Sunday, February 12, 2006

Limbo

And I find myself with 20 minutes until class time not knowing what to do, what to write. I never write in the same notebook twice. Can you let me speak? And can you reply? I don’t what you want from me, I can’t make juice, I don’t make conversation. I’m systematically useless. Want to have some? I think I may have a few standards. I’ve not been sexual lately, that switch has been flipped down I want you to help me. You, who? I don’t know you, the person I’ve stopped looking for. When I look you disappear. When I don’t there you are. And somehow I don’t understand how the universe works but somehow inside my head it is marvellous. It works in wonderful ways, bringing people together tragically, making meetings randomly. I’ve decided it’s chaos and continuous change. Any attempt to make it clean cut and orderly is stupid... make the earth untilted and you’ve eliminated the human race, good job. I’ve started posing nude, bearing all, caring none and all of a sudden I am much happier. Somehow being in constant flux with a few changing elements of consistency, it all makes sense. Sense – why should we try and make sand castles out of it when its only grains in the wind, broken down, undefined, no, a point.

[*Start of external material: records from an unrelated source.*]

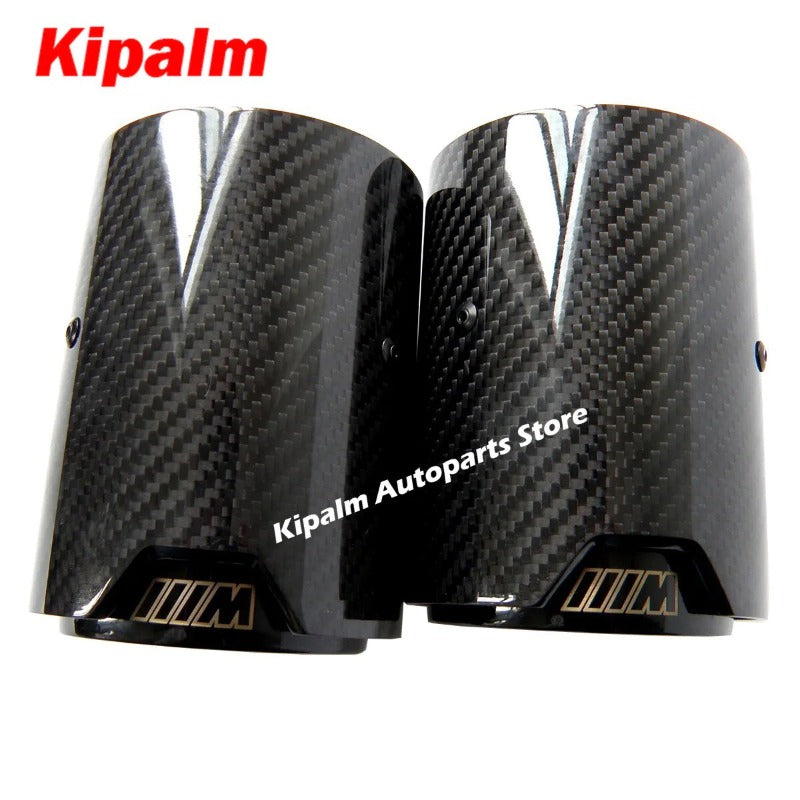 2PCS Real Carbon Fiber Black Muffler Tip Length 120mm for BMW M Performance Exhaust M2 F87 M3 F80 M4 F82 F83 M5 F10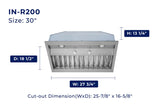 IN-R200 Convertible Built-in Range Hood (18.5" Deep)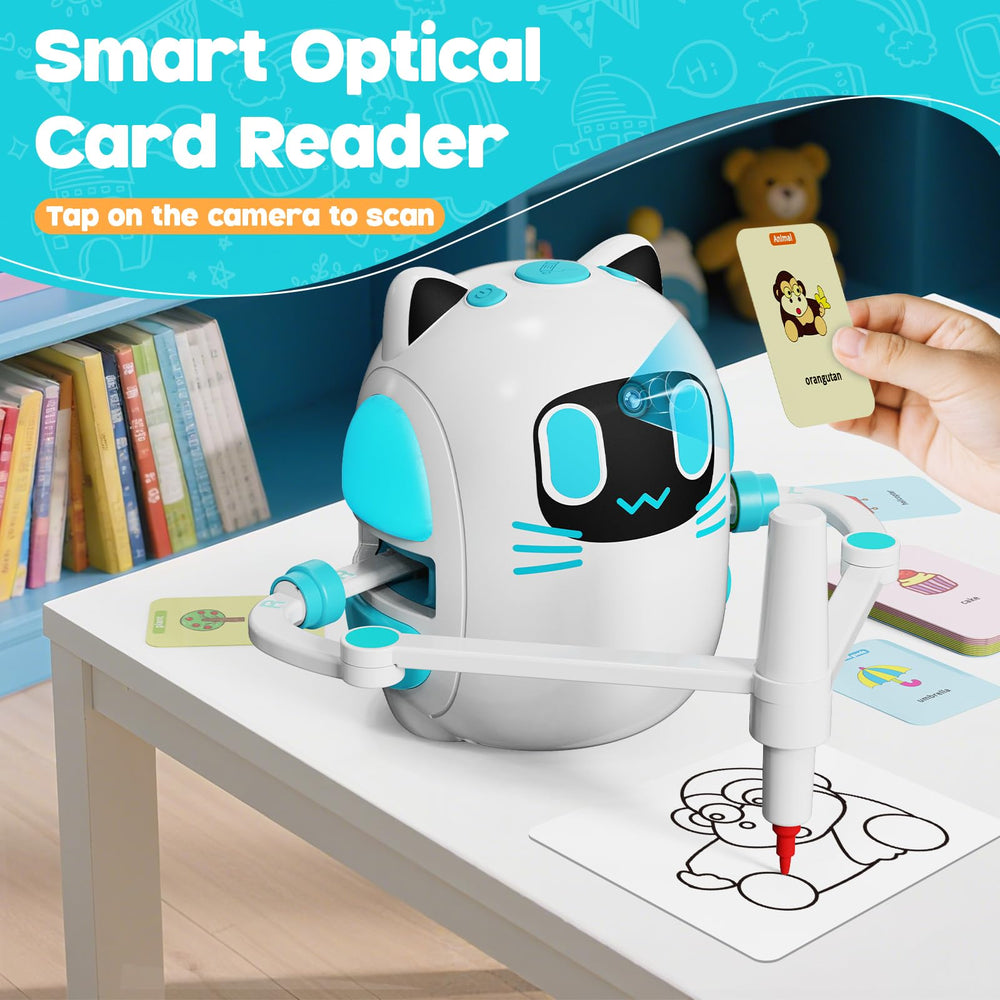 Innofans drawing robot with 150 activity cards spread for kids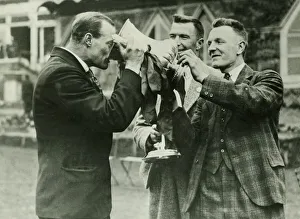 00222 Prints: FA Cup Final 1929 Bolton v Portsmouth Seddon takes a cheerful draught watched by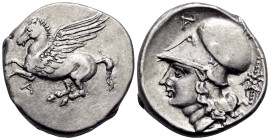 AKARNANIA. Argos Amphilochikon. Circa 330-300 BC. Stater (Silver, 22 mm, 8.43 g, 6 h). A Pegasos flying left. Rev. Helmeted head of Athena to left; be...
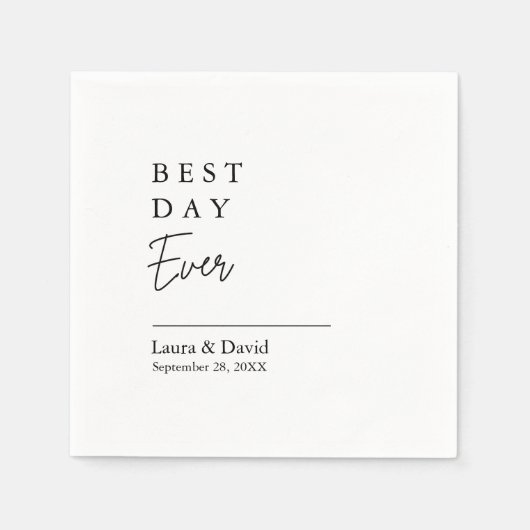 Beste dag ooit | Minimale dag van het witte huweli Servet (Voorkant)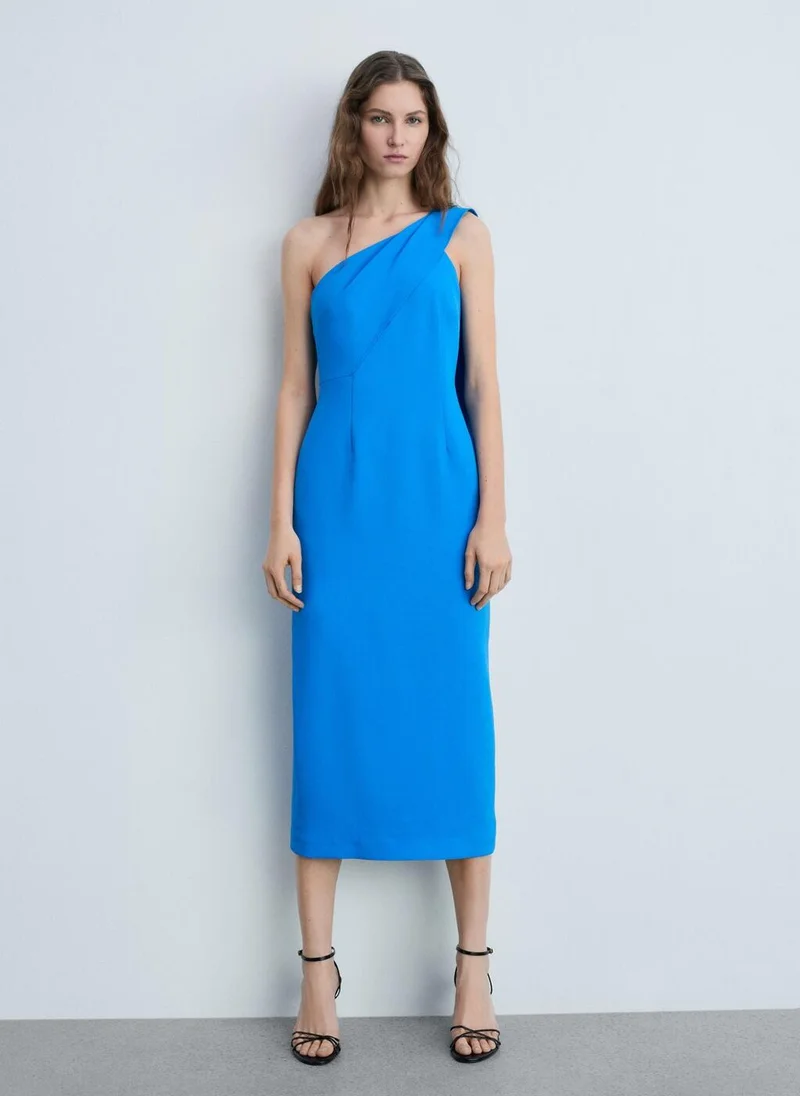 مانجو Asymmetrical Bow-Neck Dress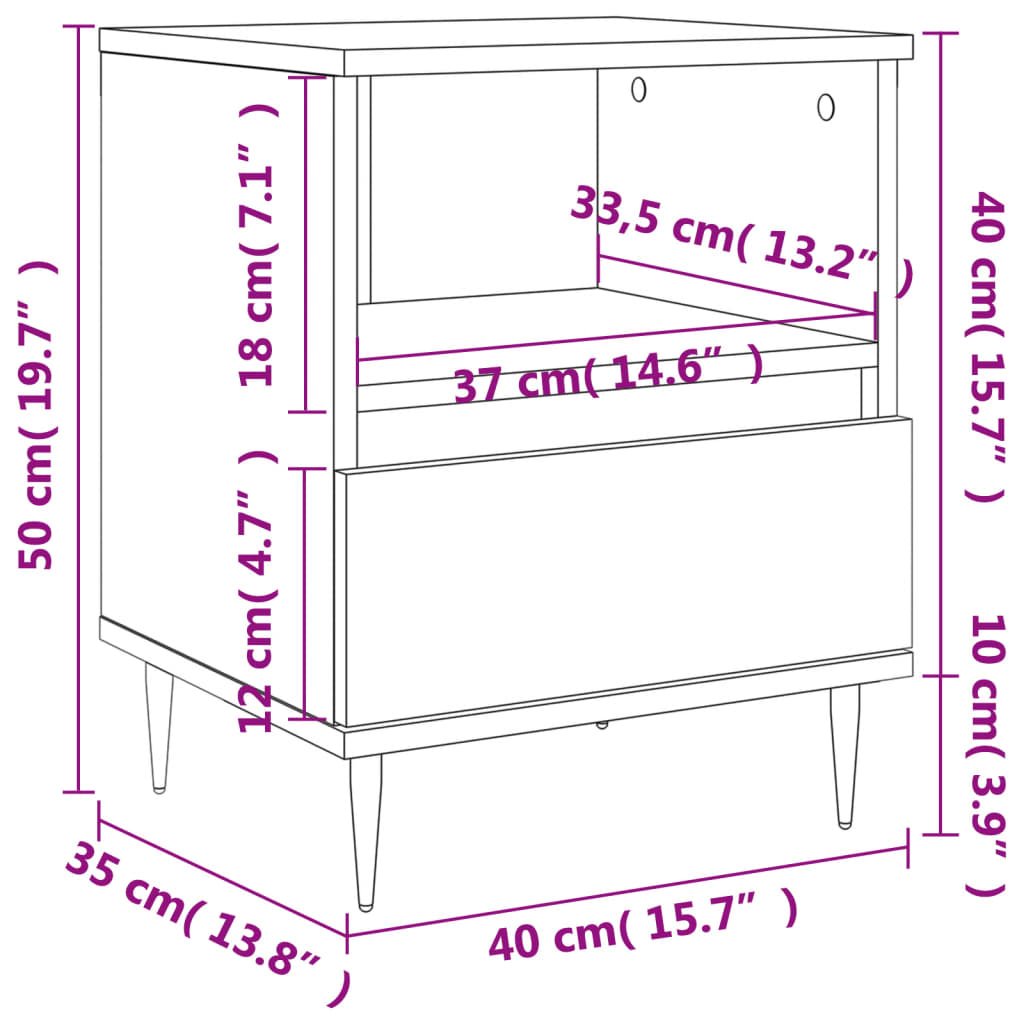 Grey Sonoma Engineered Wood Bedside Cabinet 40x35x50 cm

And people think I am insane and that makes me happy. To be eccentric to not be an ordered one is to be one with the universe. All I ask is for returned phone calls and correspondence and love. Without them, lots of angst, crumbling facade of my body, uncontrollable bits of flesh writing on the ground, wounded. It’s just a feeling- can’t stop the feeling. It happens, without ever wanting it, without looking for you, there you are.